Il ne s’agit pas ici de questionner la pertinence ou non des gens qui désirent ne pas se voir révéler les éléments importants d’une intrigue avant d’avoir vu une oeuvre (on pourrait leur renvoyer les policiers dont on connaît l’identité du tueur dès le début ou un film comme Titanic dont on connaît l’issue par cœur) mais bien de se demander pourquoi cette omniprésence dans les films/livres/séries aujourd’hui.
Je me souviens [mode vieux con engaged pour ceux qui n’avait pas encore saisi :stuck_out_tongue: ] des séries, des films, etc… . que j’ai vu dans les années 80-90 et même 2000, jamais il n’était question de cette crainte de se faire révéler des parties du film au détour d’une conversation (en écrivant ça, 2 gros contre-exemples me sautent à l’esprit : Usual Suspects et 6ème Sens, mais ils constituent des exceptions par rapport à aujourd’hui).

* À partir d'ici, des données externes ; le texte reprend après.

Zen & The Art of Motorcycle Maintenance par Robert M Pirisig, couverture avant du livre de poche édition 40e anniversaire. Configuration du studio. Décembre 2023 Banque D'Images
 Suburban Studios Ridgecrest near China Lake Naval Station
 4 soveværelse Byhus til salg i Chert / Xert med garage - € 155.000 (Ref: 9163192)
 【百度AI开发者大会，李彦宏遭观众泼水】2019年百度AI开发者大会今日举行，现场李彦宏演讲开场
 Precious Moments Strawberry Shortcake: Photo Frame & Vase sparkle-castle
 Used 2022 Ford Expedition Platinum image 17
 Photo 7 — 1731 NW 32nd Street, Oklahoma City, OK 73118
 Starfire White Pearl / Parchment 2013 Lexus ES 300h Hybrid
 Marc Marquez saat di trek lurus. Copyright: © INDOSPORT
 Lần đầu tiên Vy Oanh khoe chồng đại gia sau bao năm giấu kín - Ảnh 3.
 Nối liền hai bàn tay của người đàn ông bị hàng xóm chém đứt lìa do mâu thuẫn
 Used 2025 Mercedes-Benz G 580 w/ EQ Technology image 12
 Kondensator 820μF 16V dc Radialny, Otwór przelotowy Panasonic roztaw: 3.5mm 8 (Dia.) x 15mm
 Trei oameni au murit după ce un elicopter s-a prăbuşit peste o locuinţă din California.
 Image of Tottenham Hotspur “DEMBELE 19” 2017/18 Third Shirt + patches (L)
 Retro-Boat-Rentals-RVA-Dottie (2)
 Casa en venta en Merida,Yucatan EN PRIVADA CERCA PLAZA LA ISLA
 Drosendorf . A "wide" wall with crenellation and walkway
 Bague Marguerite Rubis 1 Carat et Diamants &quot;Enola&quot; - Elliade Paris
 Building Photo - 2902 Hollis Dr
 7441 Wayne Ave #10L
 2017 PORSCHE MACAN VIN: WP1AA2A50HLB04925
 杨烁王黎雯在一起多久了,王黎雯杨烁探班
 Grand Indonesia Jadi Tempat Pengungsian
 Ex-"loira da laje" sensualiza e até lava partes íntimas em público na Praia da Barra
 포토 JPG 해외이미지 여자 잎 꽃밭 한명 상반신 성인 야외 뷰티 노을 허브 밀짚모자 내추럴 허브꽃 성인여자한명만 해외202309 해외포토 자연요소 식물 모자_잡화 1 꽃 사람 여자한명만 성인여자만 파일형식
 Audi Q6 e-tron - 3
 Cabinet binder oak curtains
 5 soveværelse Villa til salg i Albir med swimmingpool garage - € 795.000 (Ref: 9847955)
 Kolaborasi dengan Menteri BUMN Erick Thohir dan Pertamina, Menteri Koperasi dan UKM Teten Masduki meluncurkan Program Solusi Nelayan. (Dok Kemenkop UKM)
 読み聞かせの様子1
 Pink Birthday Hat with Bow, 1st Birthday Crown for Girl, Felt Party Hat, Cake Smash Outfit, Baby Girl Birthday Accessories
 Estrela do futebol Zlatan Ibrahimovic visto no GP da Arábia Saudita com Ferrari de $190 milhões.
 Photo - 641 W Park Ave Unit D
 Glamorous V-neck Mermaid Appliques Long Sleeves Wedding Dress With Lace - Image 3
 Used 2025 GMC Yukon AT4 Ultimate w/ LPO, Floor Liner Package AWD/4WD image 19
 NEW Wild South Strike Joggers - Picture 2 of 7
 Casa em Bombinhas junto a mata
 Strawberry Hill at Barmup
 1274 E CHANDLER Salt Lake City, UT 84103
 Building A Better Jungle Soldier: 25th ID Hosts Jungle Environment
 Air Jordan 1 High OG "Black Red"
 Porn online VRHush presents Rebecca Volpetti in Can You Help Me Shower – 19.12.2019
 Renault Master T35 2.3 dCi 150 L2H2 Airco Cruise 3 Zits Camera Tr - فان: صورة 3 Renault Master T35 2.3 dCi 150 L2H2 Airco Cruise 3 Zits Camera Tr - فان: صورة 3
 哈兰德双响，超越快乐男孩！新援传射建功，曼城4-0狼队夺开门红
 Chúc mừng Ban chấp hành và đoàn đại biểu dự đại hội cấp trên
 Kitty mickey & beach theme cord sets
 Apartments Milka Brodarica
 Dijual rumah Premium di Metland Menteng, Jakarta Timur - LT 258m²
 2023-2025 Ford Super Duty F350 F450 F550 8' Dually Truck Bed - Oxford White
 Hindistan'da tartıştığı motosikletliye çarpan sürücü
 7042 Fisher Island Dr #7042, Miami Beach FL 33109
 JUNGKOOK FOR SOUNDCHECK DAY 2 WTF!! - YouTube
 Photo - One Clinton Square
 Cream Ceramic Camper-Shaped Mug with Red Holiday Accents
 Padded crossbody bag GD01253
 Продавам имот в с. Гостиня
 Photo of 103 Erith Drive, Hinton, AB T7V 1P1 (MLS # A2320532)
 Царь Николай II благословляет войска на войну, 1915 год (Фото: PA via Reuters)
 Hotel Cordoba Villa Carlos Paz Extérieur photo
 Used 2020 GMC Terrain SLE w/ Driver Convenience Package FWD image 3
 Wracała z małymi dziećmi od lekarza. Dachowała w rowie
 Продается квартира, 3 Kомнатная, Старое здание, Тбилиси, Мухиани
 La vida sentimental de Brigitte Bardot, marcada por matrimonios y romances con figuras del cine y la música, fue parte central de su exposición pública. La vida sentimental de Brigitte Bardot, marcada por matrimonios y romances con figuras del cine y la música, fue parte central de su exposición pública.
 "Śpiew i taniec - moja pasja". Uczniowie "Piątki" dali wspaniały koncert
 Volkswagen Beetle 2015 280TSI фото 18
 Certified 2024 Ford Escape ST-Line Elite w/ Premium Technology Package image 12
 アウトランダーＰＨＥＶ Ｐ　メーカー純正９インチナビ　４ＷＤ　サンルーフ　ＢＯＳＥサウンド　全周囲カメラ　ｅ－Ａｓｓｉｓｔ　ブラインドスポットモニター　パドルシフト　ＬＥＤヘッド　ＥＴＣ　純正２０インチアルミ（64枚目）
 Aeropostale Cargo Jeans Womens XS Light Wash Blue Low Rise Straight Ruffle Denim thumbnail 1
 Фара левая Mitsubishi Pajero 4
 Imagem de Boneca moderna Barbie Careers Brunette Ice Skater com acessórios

J’ai l’impression d’y voir encore (je vous l’avais dit que c’était un topic sonsporisé par le syndicat des vieux cons rageux) un effet néfaste des réseaux sociaux et de l’emballement dont ils sont capables pour tout et n’importe quoi. Et de ce tropisme, les responsables du marketing ont trouvé comment harponné et créer le buzz autour de points clés forts pour cristalliser un maximum de monde (il ne s’agit pas d’être en marge de la dernière série/whatever en vogue au risque de passer pour un marginal ou d’être un peu mis à l’écart.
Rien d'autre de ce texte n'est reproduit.